If you're looking for an article that is attempting to argue that Adrian Peterson shouldn't be a member of the Vikings because of his child abuse scandal, then look elsewhere.  This is not that kind of article.  Instead, I'm going to argue that Adrian Peterson should not be a member of the Minnesota Vikings in the 2015 season and beyond for purely football reasons.

The first reason Adrian Peterson should not be a member of the Vikings going forward is because he will turn 30-years old in a few months.  There have been many studies done about the effects of aging on athletes, but I like this one in particular from 2012 as it is focused on running backs.  You should read the entire article, because there is a lot of great information there, but the conclusion was this:

There is no one age when all running backs drop off, or even an age where the majority of running backs drop off. That said, by the end of their age 29 season (or, if you prefer, by the time they hit 30), half of the running backs in this study were essentially washed up. Most had gradual declines, or a down season followed by a bounce-back year and then another decline, rather than a sudden collision with a mythical wall. But at age 31 or later, 42% of the running backs had at least one solid season.

In other words, from this moment forward any team that plays Adrian Peterson will be getting a version of him that is somehow lesser than the one they got the year before.  If history is any guide, Peterson has about a 50-50 chance to continue his elite level of production in 2015, due simply to the fact that he is aging (and there is no miracle drug that can prevent aging).  Some may point to his historically fast recovery time after the ACL as evidence that maybe Peterson can do better than half of his colleagues, or point to his incredible off-season work ethic and training regimens as another thing that may help him beat the odds.  But one could probably make similar arguments about many of the other running backs from that same study, and not all of them performed at a high level past the age of 30.

An even more compelling argument than age for running back decline is one of "usage" or career touches.  Over at Pro Football Focus, a similar study of running backs was completed in 2012 that determined 3,000 career touches is the magic number for running back expiration dates.  Adrian Peterson has 2,054 carries, 208 receptions and 17 returns for a total of 2,279 touches.   Ignoring this past season, Peterson has averaged 322 touches per season through his first 7 years in the NFL (which includes his shortened 2011 season and rookie year where he split time with Chester Taylor), which would imply that Peterson has, at best, 2-3 years of production left before he hits the magical 3,000 touch mark.  In the end, whether it is age or usage that catches up with him, retaining Peterson in 2015 and beyond is essentially a roll of the dice in terms of not knowing when his skills will diminish, or by how much.  It's not a question of if Peterson's skill will diminish, but a question of when.  And history is telling us that his time is coming to end sooner rather than later.
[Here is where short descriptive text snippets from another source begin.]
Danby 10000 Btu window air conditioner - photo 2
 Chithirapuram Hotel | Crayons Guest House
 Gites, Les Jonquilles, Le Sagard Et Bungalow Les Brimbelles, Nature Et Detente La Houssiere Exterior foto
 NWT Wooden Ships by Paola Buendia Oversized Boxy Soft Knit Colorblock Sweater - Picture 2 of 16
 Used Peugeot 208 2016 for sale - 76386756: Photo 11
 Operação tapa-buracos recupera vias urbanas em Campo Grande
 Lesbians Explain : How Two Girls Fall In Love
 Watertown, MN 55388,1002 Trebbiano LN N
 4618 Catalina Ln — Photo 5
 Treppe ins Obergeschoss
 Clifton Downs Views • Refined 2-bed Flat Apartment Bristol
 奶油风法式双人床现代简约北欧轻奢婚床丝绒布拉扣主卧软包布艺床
The second reason Adrian Peterson should not be a member of the Vikings going forward is because his decline may actually be happening already.  Below are two graphs showing some of Peterson's rushing statistics on a per season basis: attempts per game and yards per game, and yards per carry average.  All three statistics show an overall descending trend line.  While there are lots of ups and downs through the course of Peterson's 8-year career, including a historically great 2012 season, his trend line is still pointing downwards overall (imagine how much worse it would be without that 2012 season included).

Peterson Att Game

Peterson YPG

Peterson YPC

The first thing to notice is that Peterson's usage trend line as shown as attempts per game average is upwards!  On a per-game average basis, the Vikings have been increasing Peterson's usage from one year to the next, overall.  But his efficiency numbers are showing a gradual decline over his 8-year career.  Granted, his 2014 season is included in the trend lines with only 1 game's worth of production, but even still the point is simply this: Adrian Peterson's best years are behind him at this point.  If there is any trend that seems most likely for Peterson's production going forward, it is a downward trend.

The third reason Adrian Peterson should not be a member of the Vikings going forward is that his contract is astronomical and his salary cap figures are way out of proportion for the level of production he provides the Vikings relative to the rest of the NFL.  Here is a list of the top 20 cap figures for all running backs in 2015, courtesy of Spotrac.  Is there one (or two) that don't look like the others?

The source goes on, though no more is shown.